IRS Commissioner Douglas Shulman announced at the National Press Club on April 13 that the IRS wants to provide “tangible relief to taxpayers in distress while also helping others from straying across the line into non-compliance. Mr. Shulman stated that the “tax professional community” is “an integral part” of the tax administration system, constituting a “first line of defense against non-compliance and stop a small problem from becoming a big one.”
¶ Rev. Proc. 2009-20 provides safe harbor treatment for “qualified investors” who experienced losses in certain criminally fraudulent investment arrangements. A uniform manner of determining theft losses alleviates “potentially difficult problems of proof” in determining how much income reported in prior years was fictitious or a return of capital. Taxpayers utilizing safe harbor treatment should append the language “Rev. Proc. 2009-20” on Form 4684, Casualties and Thefts.
¶ According to an audit report issued by the Inspector General for Tax Administration (TIGTA), the Treasury is foregoing more than $100 million in annual revenue by failing to collect unassessed failure to pay tax penalties. Audit Report No. 2009-30-052. TIGTA Report No. 2009-20-050 notes that the motor fuel excise tax compliance program, which accounts for between $30 and $40 billion in annual revenue, needs further improvement in the area of compliance and penalty program effectiveness.
¶ New York currently has a voluntary disclosure program covering all taxes, including income, corporate and sales taxes. Eligible taxpayers (i.e., those who (i) are not under audit, (ii) have not received a bill, and (iii) are not being criminally investigated by New York or any political subdivision thereof, may apply by providing a “detailed explanation” of (i) taxes owed; (ii) the reason for failure to report and pay; and (iii) the rationale for requesting a “limited look-back” clause (if one is being requested). If approved, the taxpayer will be sent a Voluntary Disclosure Agreement covering only the taxes and periods listed on the application. Penalties will be waived. However, if the taxpayer provides false or incomplete information, intentionally fails to pay taxes covered by the agreement, or “intentionally violates any tax law in the future,” New York may “use the information disclosed against [the taxpayer]” and may commence civil or criminal prosecution.

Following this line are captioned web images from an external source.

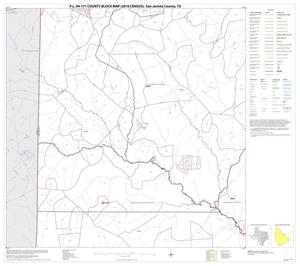 P.L. 94-171 County Block Map (2010 Census): San Jacinto County, Block 4
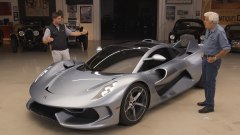 Video Hypercar Hennessey Blackbird: V8 da 850 CV e cambio manuale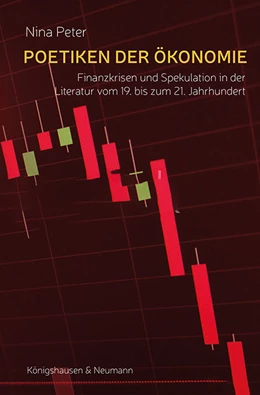 Abbildung von Peter | Poetiken der Ökonomie | 1. Auflage | 2022 | beck-shop.de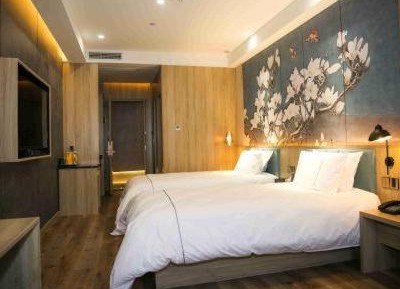 Zero Pressure - Quite Twin Room 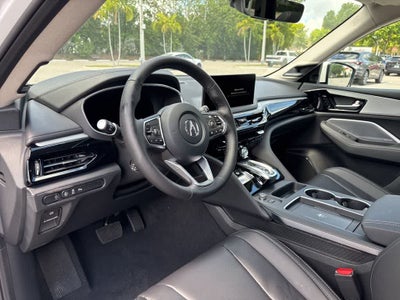2026 Acura MDX w/Technology Package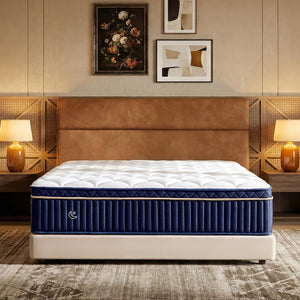 14-Inch Queen Hybrid Mattress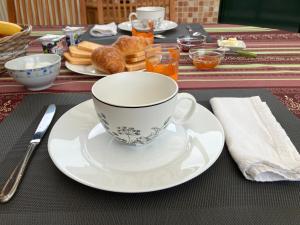 Φαγητό σε αυτό το bed & breakfast ή κάπου εκεί κοντά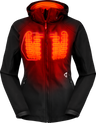 Women's 7V Torrid Softshell Heated Jacket 2.0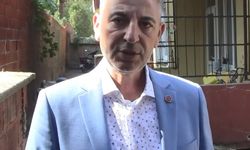 Üç kişinin yaşamını yitirdiği yangın faciasını tanıklar anlattı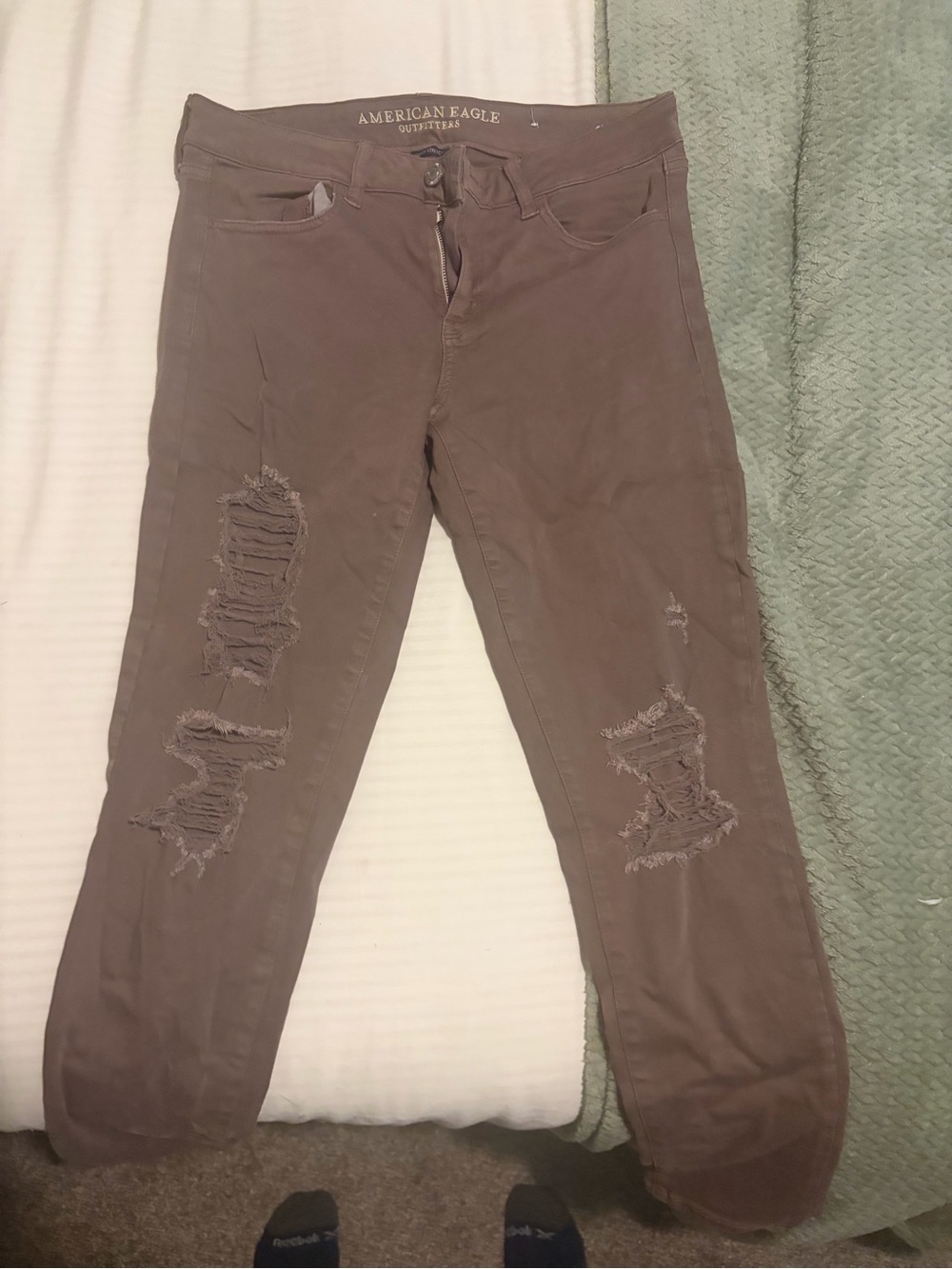 American Eagle Jeggings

¶ The AFR short-term rate for June 2009 is 0.82%; the mid-term rate, 2.76%; and the long-term rate, 4.36%. Selling depressed assets to a grantor trust in return for an installment note may be effective in “freezing” values for estate tax purposes. Provided the sale is arms-length, the sale of assets comprising interests in an LLC or other family entity (which interests are discounted to reflect lack of control and lack of marketability) can leverage the current $3.5 million lifetime exemption. Note that since the trusts are taxed as grantor trusts, the seller recognizes no income tax gain when the assets are sold to the trust. It appears that the sale must also be preceded by a gift to the trust of assets whose value equals 10 percent of the assets to be sold to the trust. Since the assets will not be included in the estate, basis step up will be lost. However, this problem may be minimized if the trust provides that the grantor may at a future time substitute assets of equal value (with a higher basis).